▶ _MATERIALS PROVIDED_
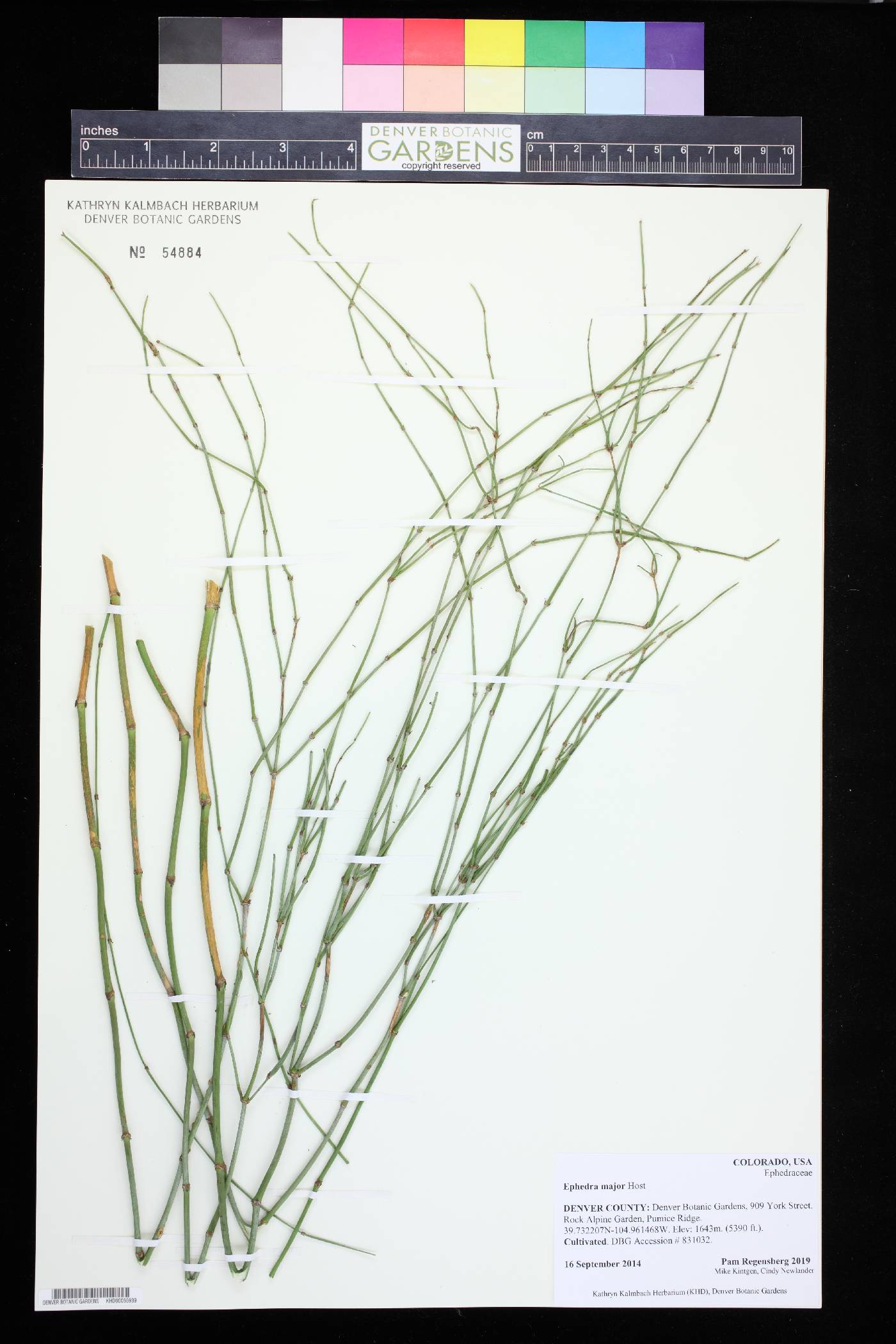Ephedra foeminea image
* * *
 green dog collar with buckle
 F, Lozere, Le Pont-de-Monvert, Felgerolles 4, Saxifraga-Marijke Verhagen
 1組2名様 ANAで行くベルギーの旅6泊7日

▶ _WHAT THE EXERCISE ASKS_
In the listing above, find the line with "green dog collar with buckle" and the line with "1組2名様 ANAで行くベルギーの旅6泊7日". Output those two lines and every line between them, exactly as written.

▶ _ANSWER SPACE_
 green dog collar with buckle
 F, Lozere, Le Pont-de-Monvert, Felgerolles 4, Saxifraga-Marijke Verhagen
 1組2名様 ANAで行くベルギーの旅6泊7日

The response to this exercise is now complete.